The various classifiers trained were:
1. Random Forest
2. Decision Trees
3. ExtraTrees Classifier
4. Gradient Boosting Trees

GridSearchCV was used to fit these models on best possible parameters. Further, these models were compared and finally an ensemble model was created.

In [None]:
# Random Forest Classifier
rf = RandomForestClassifier()
params = {'n_estimators' : [10, 15, 20], 
          'max_depth' : [205, 300, 305, 400]
         }
gs = GridSearchCV(rf, params, cv=5, scoring='f1_weighted', verbose = 1, n_jobs = -1)
gs.fit(X_features, Y)
print(gs.best_params_)
print(gs.best_score_)

In [None]:
# Decision Tree
dt = DecisionTreeClassifier()
params = {'max_depth' : [30, 50, 99], 
          'max_features' : [1000, 2000, 5000, 10000]
         }
gs = GridSearchCV(dt, params, cv=5, scoring='f1_weighted', verbose = 1, n_jobs = -1)
gs.fit(X_features, Y)
print(gs.best_params_)
print(gs.best_score_) 

In [None]:
# Extra trees
etc = ExtraTreesClassifier(random_state=10)
params = {'n_estimators' : [10, 50, 100, 500, 1000], 
          'max_features' : [5, 10, 50, 100]
         }
gs = GridSearchCV(etc, params, cv=5, scoring='f1_weighted', verbose = 1, n_jobs = -1)
gs.fit(X_features, Y)
print(gs.best_params_)
print(gs.best_score_)

In [None]:
# Gradient Boosted Trees
gb = GradientBoostingClassifier(random_state=0)
params = {'n_estimators' : [10, 50, 100], 
          'max_depth' : [5, 10, 30, 60]
         }
gs = GridSearchCV(gb, params, cv=5, scoring='f1_weighted', verbose = 1, n_jobs = -1)
gs.fit(X_features, Y)
print(gs.best_params_)
print(gs.best_score_)

## Ensemble Model

Further an ensemble model was created using Max Voting technique which was implemented using the VotingClassifier.

In [None]:
rf = RandomForestClassifier(n_estimators=10, max_depth=300, class_weight='balanced', n_jobs=-1)
dt = DecisionTreeClassifier(max_depth=99, max_features=400)
etc = ExtraTreesClassifier(n_estimators=100, max_features=2000, n_jobs=-1) 
gb = GradientBoostingClassifier(n_estimators=10, max_depth=17, learning_rate=0.1)

# Max Voting method
ensemble = VotingClassifier(estimators=[('rf', rf), ('dt', dt), ('etc', etc), ('gb', gb)], voting='soft', n_jobs=-1, 
                            weights=[2,2,1,1], flatten_transform=True)
ensemble.fit(X_features, Y)
final_predictions = ensemble.predict(X_test)

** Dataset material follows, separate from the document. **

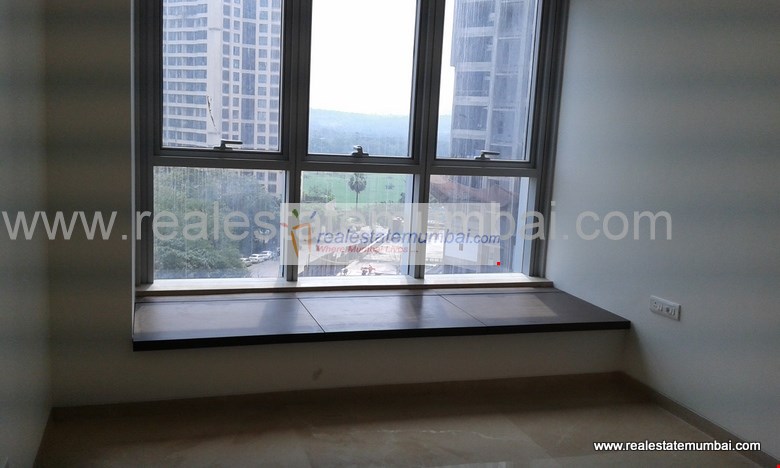 Bedroom 2 - Oberoi Exquisite, Goregaon East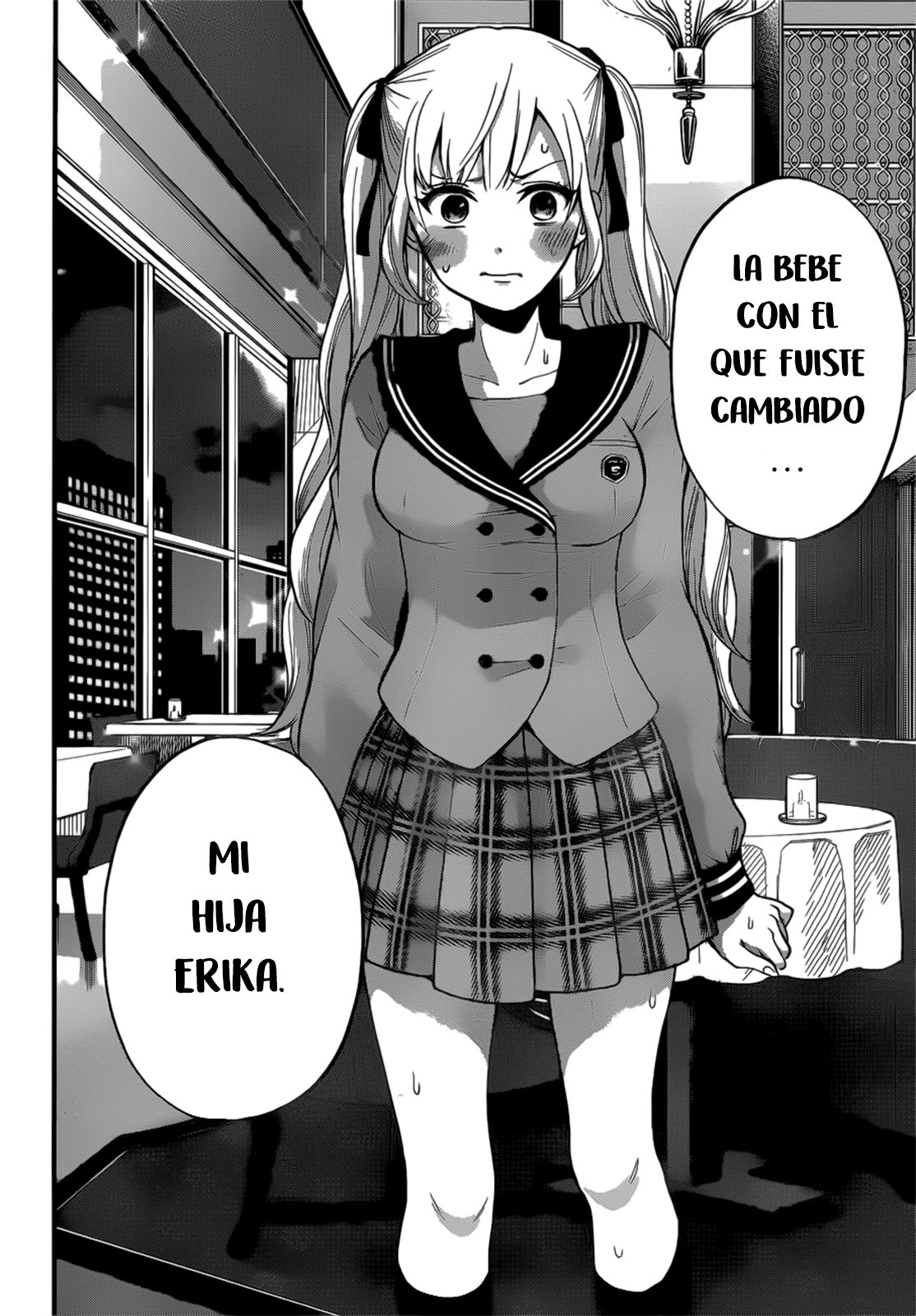 Read Kakkou no Iinazuke ES Manga Online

### Saving the predictions to a csv file

In [None]:
output = pd.DataFrame({'id': test_data.id, 'sentiment_class': final_predictions})
output.to_csv(r'D:\jobs\A! Hackathon\Mothers_Day\dataset\submission_rf5.csv', index=False)
print("Your submission was successfully saved!")